Q: I'm apartment hunting with a few roommates. Is it better to put all our names on the lease so we share equal responsibility, or have just one or two people sign on, even if we then have to find guarantors because their incomes aren't high enough?

"If you sign a lease and your other roommates do not, you become liable for their portion of the rent. On the other hand, if all roommates sign a lease, everyone is equally responsible for the rent. Some landlords will require every tenant to be on the lease so that each of you are legally responsible for upholding the terms of the lease. Others will only want one or two roommates on the lease and have the rest of the roommates just sign on as 'occupants' so that they don't have to worry about collecting rent from multiple people. Before deciding who will be on the lease, you should find out what the landlord's rules are, then decide amongst yourselves as roommates what you all feel most comfortable with." - Shelly Place, Real Estate Specialist


"The more rooms you have, the more expensive your apartment will be. Sharing that burden across multiple people on the lease is probably a good idea not just financially but in terms of risk management. In the event that the living situation becomes unstable and there becomes a need for building management to approach only those legally responsible to settle any debts, you can share that responsibility across more people rather than giving anyone the opportunity to escape their legal obligation.
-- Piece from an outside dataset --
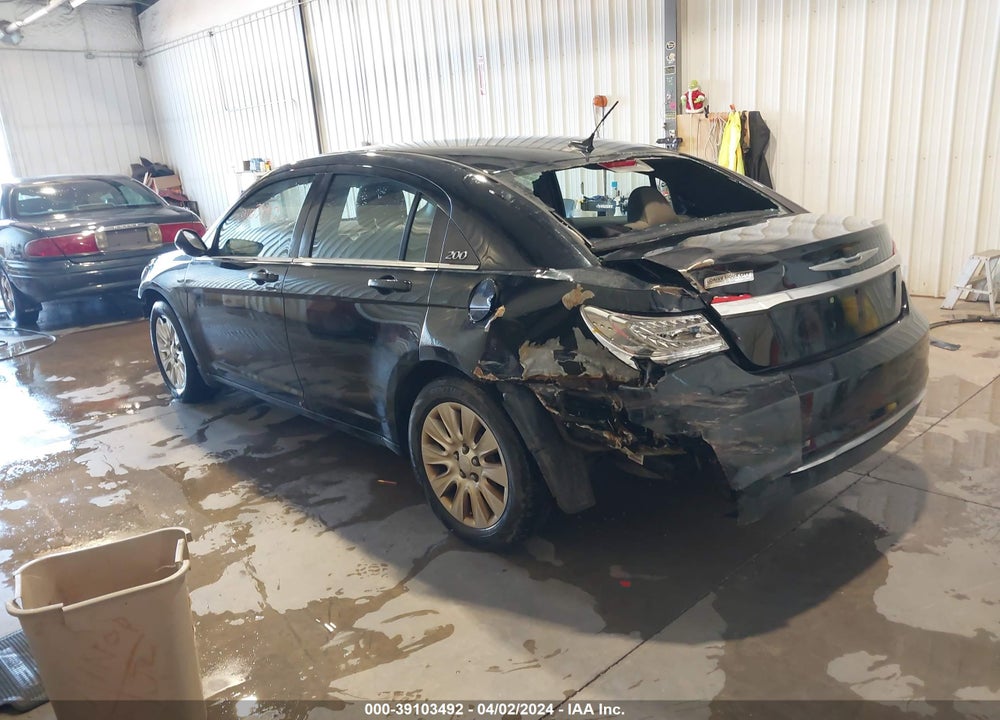2011 CHRYSLER 200 LX VIN: 1C3BC4FB4BN617685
The other issue is that guarantors must make 80 times the monthly rent, while tenants are only required to pool their resources together to make 40 times the monthly rent. With guarantors, it will mean that fewer people will be required to make more money, which can amount to quite a bit in a 3+ bedroom apartment. In addition, there are fewer 3+ bedroom listings in NYC's inventory and requiring multiple guarantors to be on the lease may limit your search because some management companies will not accept multiple guarantors on a single lease." - Anne Richmond, Real Estate Specialist


"In any situation with multiple roommates, it's always best to figure out beforehand if everyone is on board with the search criteria and has their paperwork together because things can get messy with multiple people. General paperwork required is last one to two years tax return, employment or offer letter stating current salary, two to three most recent pay stubs, two to three most recent bank statements, and a copy of your photo ID. If all the roommates combined can meet the renting  qualifications of the apartment, then you should absolutely all be on the lease together and share equal responsibility in the apartment you'll be living in. It can get tricky adding guarantors on for only some of the roommates, as those guarantors may want the other roommates on the lease as well to mitigate their potential responsibility for roommates besides the person they're signing on for.
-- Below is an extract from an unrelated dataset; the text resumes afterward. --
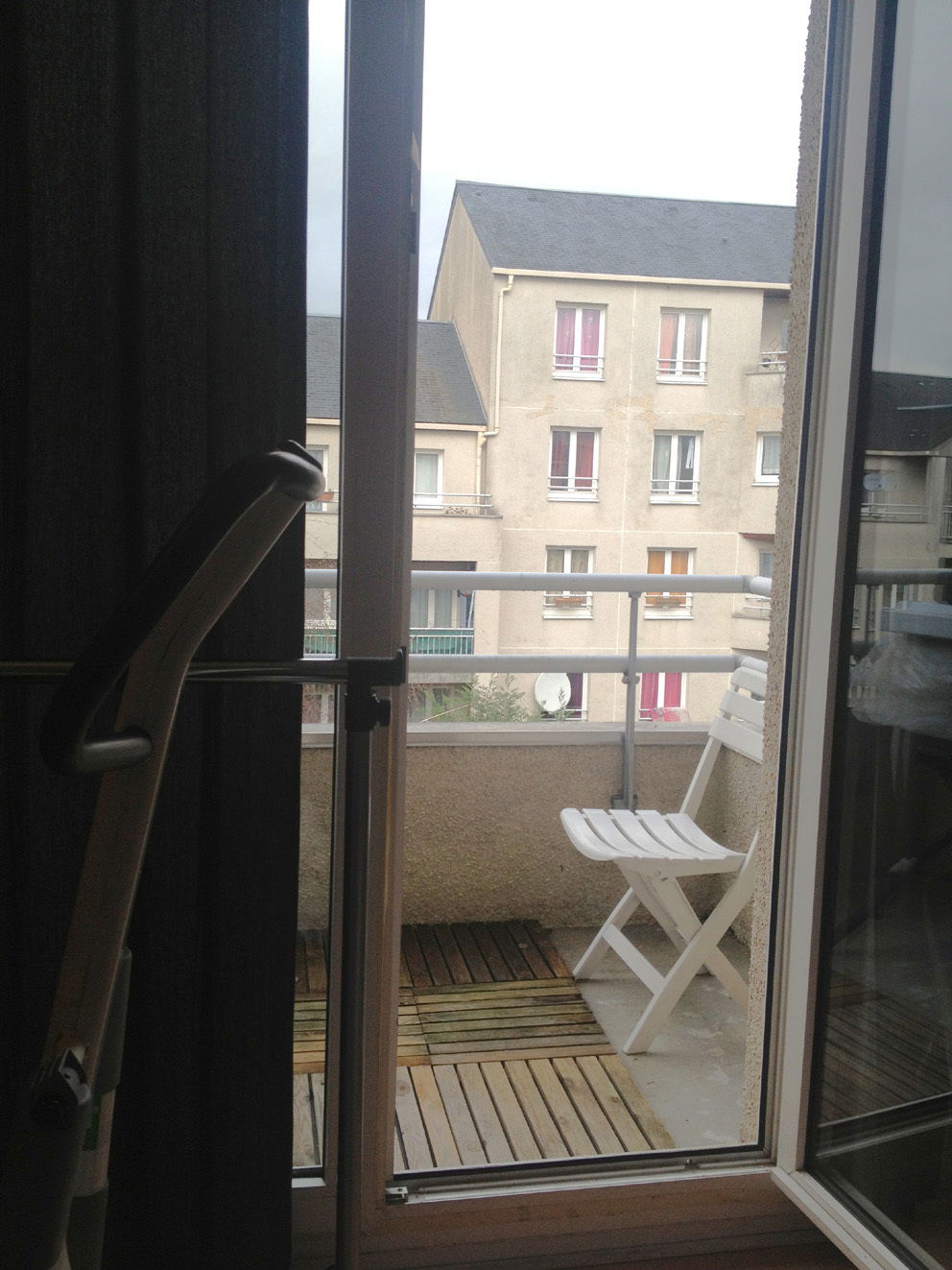 Colocación Le Plessis-Trévise 99142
 Let's use an example of four parents acting as guarantors of four kids. If only two parents are going to be co-signing, then they may not want to be responsible for the two other kids if, let's say, a party gets crazy and they throw a refrigerator out a window! The best case scenario is if you can qualify on your own as roommates without guarantors as roommates. It'll just make things easier on you paperwork-wise, and make you stronger candidates when applying.” - Michael DeSena, Real Estate Specialist


"It's extremely important that all roommates and guarantors are on the same page before signing a lease. Landlords typically require all the necessary paperwork from all roommates and guarantors on the lease. If one or more guarantors are involved, landlords will again require the same paperwork from them. While this is more work for both parties, it gives the landlord the ability to look at each roommate and guarantor to cover the monthly rent.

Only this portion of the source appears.